Radon daughter removal from PTFE surfaces and its application in liquid xenon detectors

TL;DR

This study evaluates cleaning methods to remove radon daughters from PTFE surfaces used in liquid xenon detectors, showing significant differences in removal efficiency between decay chains and assessing the impact on detector purity.

Contribution

It provides new insights into cleaning procedures for PTFE to reduce radon daughter contamination in liquid xenon detectors.

Findings

Removal of $^{222}$Rn daughters was about 2 times effective.

Removal of $^{220}$Rn daughters was up to 10 times more effective.

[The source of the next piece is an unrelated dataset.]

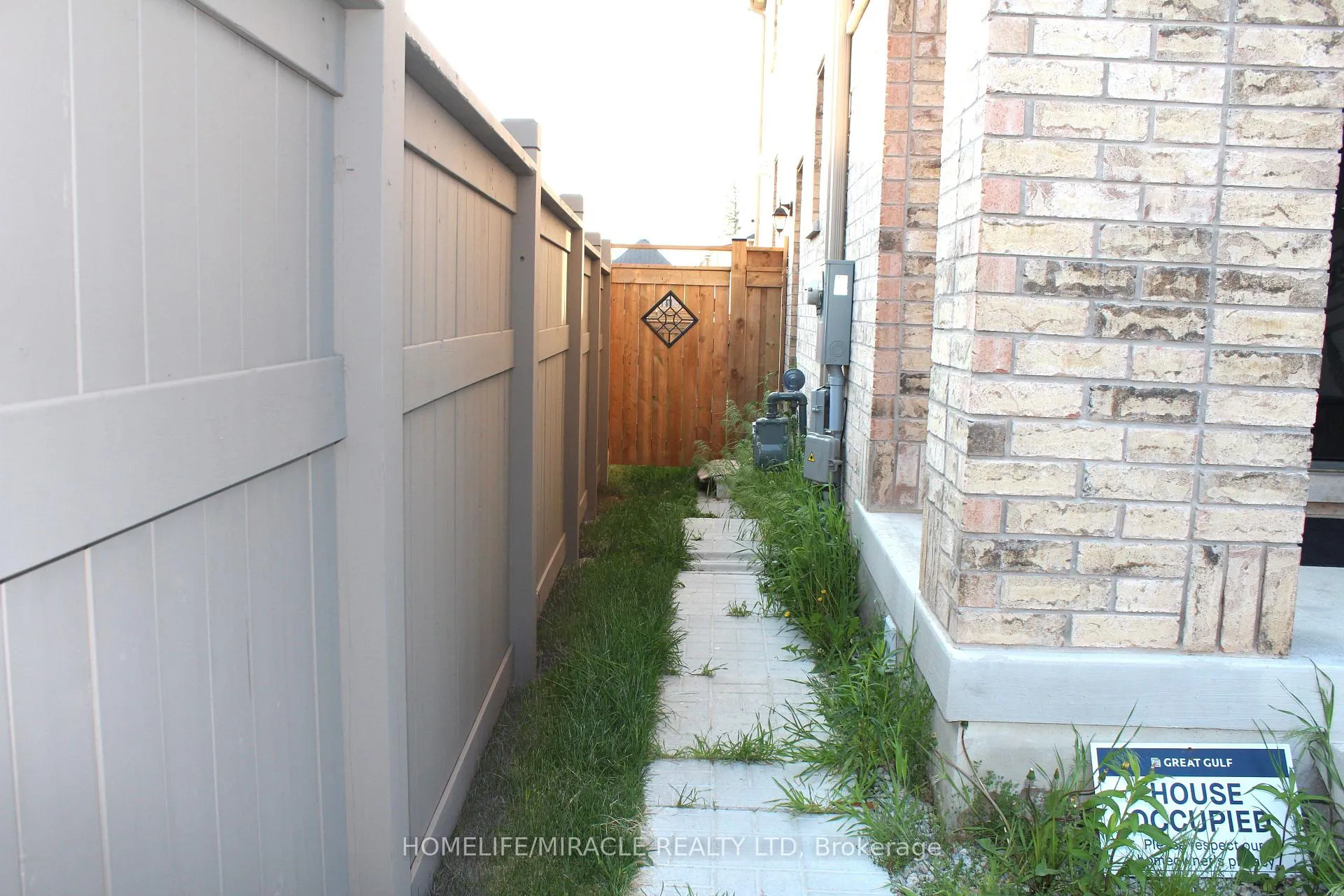 Photo 3 of 35 Merrimac Drive, Brampton, Bram West — HOMEH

Nitric acid cleaning impacts liquid xenon purity.

Abstract

Long-lived radon daughters are a critical background source in experiments searching for low-energy rare events. Originating from radon in ambient air, radioactive polonium, bismuth and lead isotopes plate-out on materials that are later employed in the experiment. In this paper, we examine cleaning procedures for their capability to remove radon daughters from PTFE surfaces, a material often used in liquid xenon TPCs. We found a large difference between the removal efficiency obtained for the decay chains of $^{222}$Rn and $^{220}$Rn, respectively. This indicates that the plate-out mechanism has an effect on the cleaning success. While the long-lived $^{222}$Rn daughters could be reduced by a factor of ~2, the removal of $^{220}$Rn daughters was up to 10 times more efficient depending on the treatment. Furthermore, the impact of a nitric acid based PTFE cleaning on the liquid xenon purity is investigated in a small-scale liquid xenon TPC.